* What needs to be done
Scan the records below for the line with "ʂ ߁uɔwiȂj 623vs˓cXt^^^@^Ăʂy[OKzyTDz" and the line with "Colonne de forage DD-HD 30 pour carotteuses", and retype that range exactly, both ends included, pictures excepted.

* Material provided
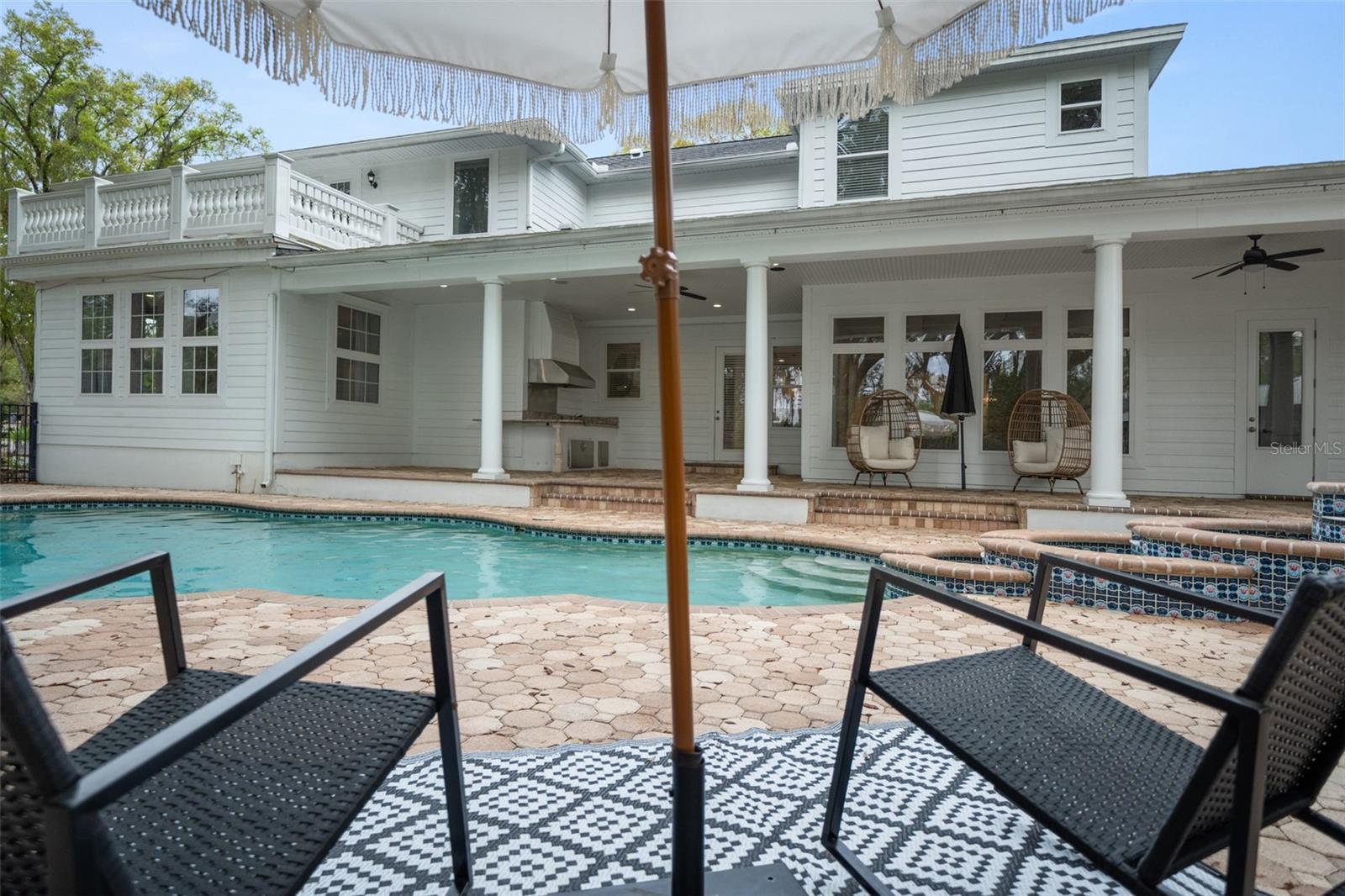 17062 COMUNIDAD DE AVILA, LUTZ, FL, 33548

--

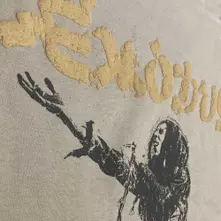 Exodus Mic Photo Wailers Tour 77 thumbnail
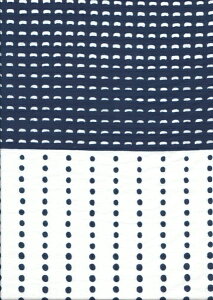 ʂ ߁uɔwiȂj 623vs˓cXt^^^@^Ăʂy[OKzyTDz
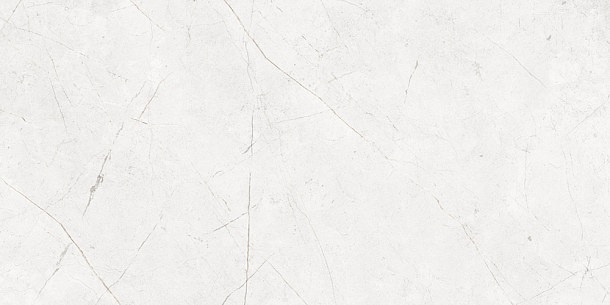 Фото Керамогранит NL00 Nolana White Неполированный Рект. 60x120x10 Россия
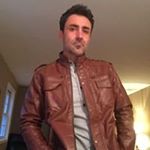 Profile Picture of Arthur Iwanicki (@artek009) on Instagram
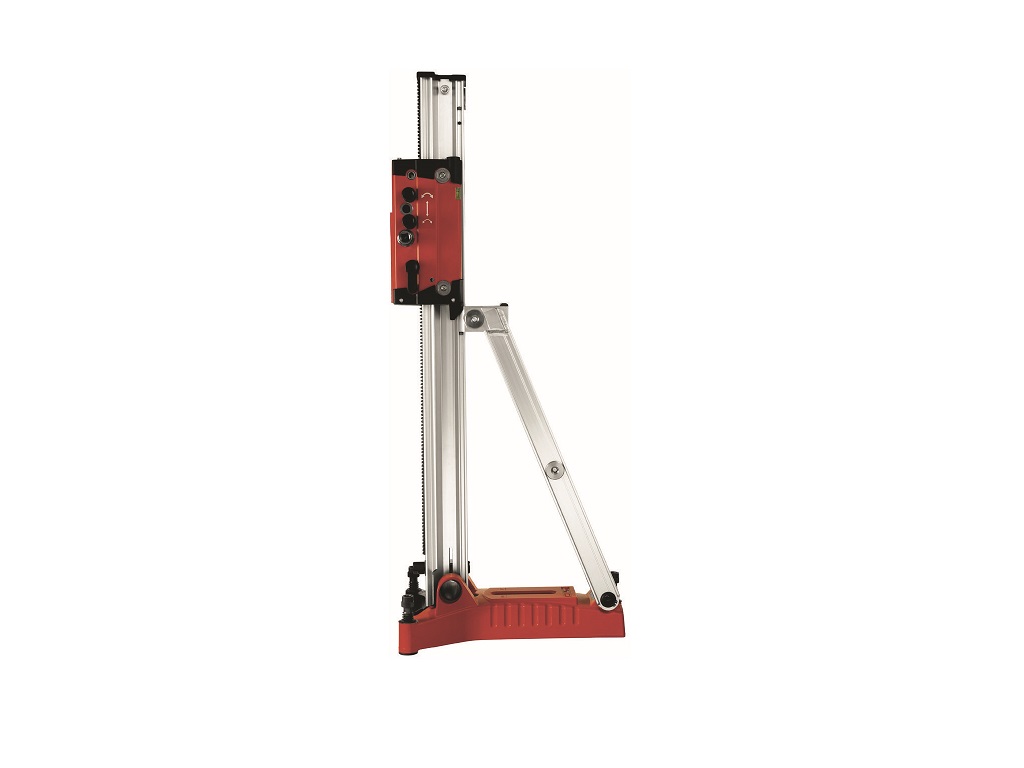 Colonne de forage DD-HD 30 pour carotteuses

--

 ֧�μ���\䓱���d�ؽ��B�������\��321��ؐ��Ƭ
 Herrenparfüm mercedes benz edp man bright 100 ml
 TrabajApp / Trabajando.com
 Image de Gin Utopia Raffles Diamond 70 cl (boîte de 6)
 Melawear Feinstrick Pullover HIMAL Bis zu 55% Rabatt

* Answer to the exercise
 ʂ ߁uɔwiȂj 623vs˓cXt^^^@^Ăʂy[OKzyTDz
 Фото Керамогранит NL00 Nolana White Неполированный Рект. 60x120x10 Россия
 Profile Picture of Arthur Iwanicki (@artek009) on Instagram
 Colonne de forage DD-HD 30 pour carotteuses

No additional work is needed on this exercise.